Aim of the exercise:
From the line that has "为什么人们创业都要去深圳,为什么深圳适合创业" down to the final line of the listing below, transcribe every line exactly, and only those.

───── Data records

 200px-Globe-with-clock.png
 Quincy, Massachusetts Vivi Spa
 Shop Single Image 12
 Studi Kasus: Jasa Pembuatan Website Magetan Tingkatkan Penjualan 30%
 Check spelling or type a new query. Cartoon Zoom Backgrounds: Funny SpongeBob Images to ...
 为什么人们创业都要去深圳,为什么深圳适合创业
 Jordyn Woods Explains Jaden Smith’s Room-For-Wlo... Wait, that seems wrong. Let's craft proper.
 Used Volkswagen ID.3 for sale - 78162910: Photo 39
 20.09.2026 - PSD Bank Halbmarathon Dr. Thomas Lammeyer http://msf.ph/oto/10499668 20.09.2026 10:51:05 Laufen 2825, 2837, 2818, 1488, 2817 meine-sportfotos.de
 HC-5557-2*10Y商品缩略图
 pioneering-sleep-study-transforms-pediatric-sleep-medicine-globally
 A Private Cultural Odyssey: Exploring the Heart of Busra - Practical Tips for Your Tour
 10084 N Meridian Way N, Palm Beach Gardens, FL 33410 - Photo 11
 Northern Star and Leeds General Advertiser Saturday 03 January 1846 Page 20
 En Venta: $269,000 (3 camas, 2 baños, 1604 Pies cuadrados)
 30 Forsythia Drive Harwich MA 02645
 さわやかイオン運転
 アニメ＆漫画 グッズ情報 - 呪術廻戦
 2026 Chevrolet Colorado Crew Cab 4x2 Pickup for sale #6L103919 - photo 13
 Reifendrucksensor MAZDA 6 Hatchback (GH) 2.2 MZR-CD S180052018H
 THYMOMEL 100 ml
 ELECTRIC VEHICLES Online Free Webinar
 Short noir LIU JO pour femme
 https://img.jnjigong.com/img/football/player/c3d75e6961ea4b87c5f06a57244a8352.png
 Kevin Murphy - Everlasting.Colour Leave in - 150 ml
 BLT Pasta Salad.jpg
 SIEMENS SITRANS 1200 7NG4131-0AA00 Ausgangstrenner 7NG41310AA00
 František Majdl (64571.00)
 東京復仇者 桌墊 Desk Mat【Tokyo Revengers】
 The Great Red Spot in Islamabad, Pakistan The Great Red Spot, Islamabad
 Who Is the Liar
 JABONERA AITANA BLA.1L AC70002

──────────

Answer to the exercise:
 为什么人们创业都要去深圳,为什么深圳适合创业
 Jordyn Woods Explains Jaden Smith’s Room-For-Wlo... Wait, that seems wrong. Let's craft proper.
 Used Volkswagen ID.3 for sale - 78162910: Photo 39
 20.09.2026 - PSD Bank Halbmarathon Dr. Thomas Lammeyer http://msf.ph/oto/10499668 20.09.2026 10:51:05 Laufen 2825, 2837, 2818, 1488, 2817 meine-sportfotos.de
 HC-5557-2*10Y商品缩略图
 pioneering-sleep-study-transforms-pediatric-sleep-medicine-globally
 A Private Cultural Odyssey: Exploring the Heart of Busra - Practical Tips for Your Tour
 10084 N Meridian Way N, Palm Beach Gardens, FL 33410 - Photo 11
 Northern Star and Leeds General Advertiser Saturday 03 January 1846 Page 20
 En Venta: $269,000 (3 camas, 2 baños, 1604 Pies cuadrados)
 30 Forsythia Drive Harwich MA 02645
 さわやかイオン運転
 アニメ＆漫画 グッズ情報 - 呪術廻戦
 2026 Chevrolet Colorado Crew Cab 4x2 Pickup for sale #6L103919 - photo 13
 Reifendrucksensor MAZDA 6 Hatchback (GH) 2.2 MZR-CD S180052018H
 THYMOMEL 100 ml
 ELECTRIC VEHICLES Online Free Webinar
 Short noir LIU JO pour femme
 https://img.jnjigong.com/img/football/player/c3d75e6961ea4b87c5f06a57244a8352.png
 Kevin Murphy - Everlasting.Colour Leave in - 150 ml
 BLT Pasta Salad.jpg
 SIEMENS SITRANS 1200 7NG4131-0AA00 Ausgangstrenner 7NG41310AA00
 František Majdl (64571.00)
 東京復仇者 桌墊 Desk Mat【Tokyo Revengers】
 The Great Red Spot in Islamabad, Pakistan The Great Red Spot, Islamabad
 Who Is the Liar
 JABONERA AITANA BLA.1L AC70002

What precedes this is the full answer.